Delete: The Virtue of Forgetting in the Digital Age
By Viktor Mayer-Schonberger
Hardcover: 256 pages, $24.95
Princeton University Press: Princeton, NJ
October 2009
Since the beginning of time, for us humans, forgetting has been the norm and remembering the exception. Because of digital technology and global networks, however, this balance has shifted. Today, with the help of widespread technology, forgetting has become the exception, and remembering the default. How and why this happened, what the potential consequences are for us individually and for our society, and what--if anything--we can do about it, is the focus of the book.

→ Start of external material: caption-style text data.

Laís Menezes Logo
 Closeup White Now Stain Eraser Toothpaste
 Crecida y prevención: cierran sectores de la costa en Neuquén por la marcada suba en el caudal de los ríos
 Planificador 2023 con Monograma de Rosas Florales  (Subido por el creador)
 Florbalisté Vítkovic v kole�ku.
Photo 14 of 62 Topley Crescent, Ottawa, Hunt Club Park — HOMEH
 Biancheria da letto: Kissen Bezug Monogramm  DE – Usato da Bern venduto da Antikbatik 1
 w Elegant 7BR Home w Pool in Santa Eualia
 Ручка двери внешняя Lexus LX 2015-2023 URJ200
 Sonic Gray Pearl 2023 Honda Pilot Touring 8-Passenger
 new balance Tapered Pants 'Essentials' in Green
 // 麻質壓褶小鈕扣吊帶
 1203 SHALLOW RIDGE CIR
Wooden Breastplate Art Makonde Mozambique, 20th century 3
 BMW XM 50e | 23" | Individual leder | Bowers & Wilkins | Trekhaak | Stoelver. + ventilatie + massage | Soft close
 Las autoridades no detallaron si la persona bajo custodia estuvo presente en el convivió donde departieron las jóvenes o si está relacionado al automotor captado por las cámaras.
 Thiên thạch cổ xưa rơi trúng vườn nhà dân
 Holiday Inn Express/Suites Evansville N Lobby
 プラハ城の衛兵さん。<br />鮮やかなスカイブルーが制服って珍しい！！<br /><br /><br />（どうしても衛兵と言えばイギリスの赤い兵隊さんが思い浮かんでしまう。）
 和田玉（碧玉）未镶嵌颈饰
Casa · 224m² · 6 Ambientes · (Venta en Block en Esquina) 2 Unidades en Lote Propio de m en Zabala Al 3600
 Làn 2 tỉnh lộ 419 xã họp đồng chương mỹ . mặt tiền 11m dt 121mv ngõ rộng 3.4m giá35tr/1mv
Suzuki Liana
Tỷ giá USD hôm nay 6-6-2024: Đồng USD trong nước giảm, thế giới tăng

If the measure of a successful book is how long you spend thinking about its premises and conclusions long after you've finished it, then Viktor Mayer-Scholberger's Delete a blockbuster. Even after I decided after much thought that I disagreed with his theories, they are theories that haunt, raising questions about personal identity, memory and ultimately our relationships with our own individual histories.
A couple strands of the book are straightforward and non-controversial. Early on, Mayer-Schonberger runs through a quick overview of the rise of curating human knowledge, from oral storytelling and memorization through clunky tablets and unwieldy papyrus to popular books. It's a good, quick sketch of the evolution of documentation, which led, the author argues convincingly, to a "shared memory" and a "community of belonging." So far, so good.
He then begins to make a strong case for enforcing informational privacy, that our digital trail should belong to us and that few of us realize how many of our details are available to corporations and government. For those of us who are aware of how just how long everything is stored, particularly those of us who use social media or comment and write on the web, the author has a specific concern: "... fostered by our knowledge of the vast digital memories that Google and others have about us, we may thus become overly cautious about what we say--in other words, the future has a chilling effect on what we do in the present."
It is along around here that skepticism began to seep in for me. Mentioning this in passing, note it, propose a couple of solutions and move on? Sure, why not. But if this were a novel, passages such as the following would be but a foreshadowing of greater preoccupation--I would argue nearly obsessed preoccupation-- to come: "... once we realize that information can reach anyone, we'll err on the side of caution and if in doubt censor ourselves rather than risk incalculable damage."
First off, in a world where the younger adult generations are nearly all putting the occasional foolish artifact online, surely the sting of misguided photos, raunchy quips and party videos will fade. Already we're seeing that effect in the public arena; witness the barely noted reaction to the Rep. Ike Skelton's admonition last week to telling Todd Akin to stick it up his ass. There was a small, bemused flurry that dissipated almost immediately. Why? Because we're inured by now. Overexposed. It's a yawn. After hearing Mike Duvall boasting of his sexual conquests in Sacramento, everything that comes afterwards is bound to be weak tea indeed. And that's the point: If we recognize that everyone has "gotcha" moments that were ... well, got, surely that should immunize most of us from any but the most egregious documented incidents.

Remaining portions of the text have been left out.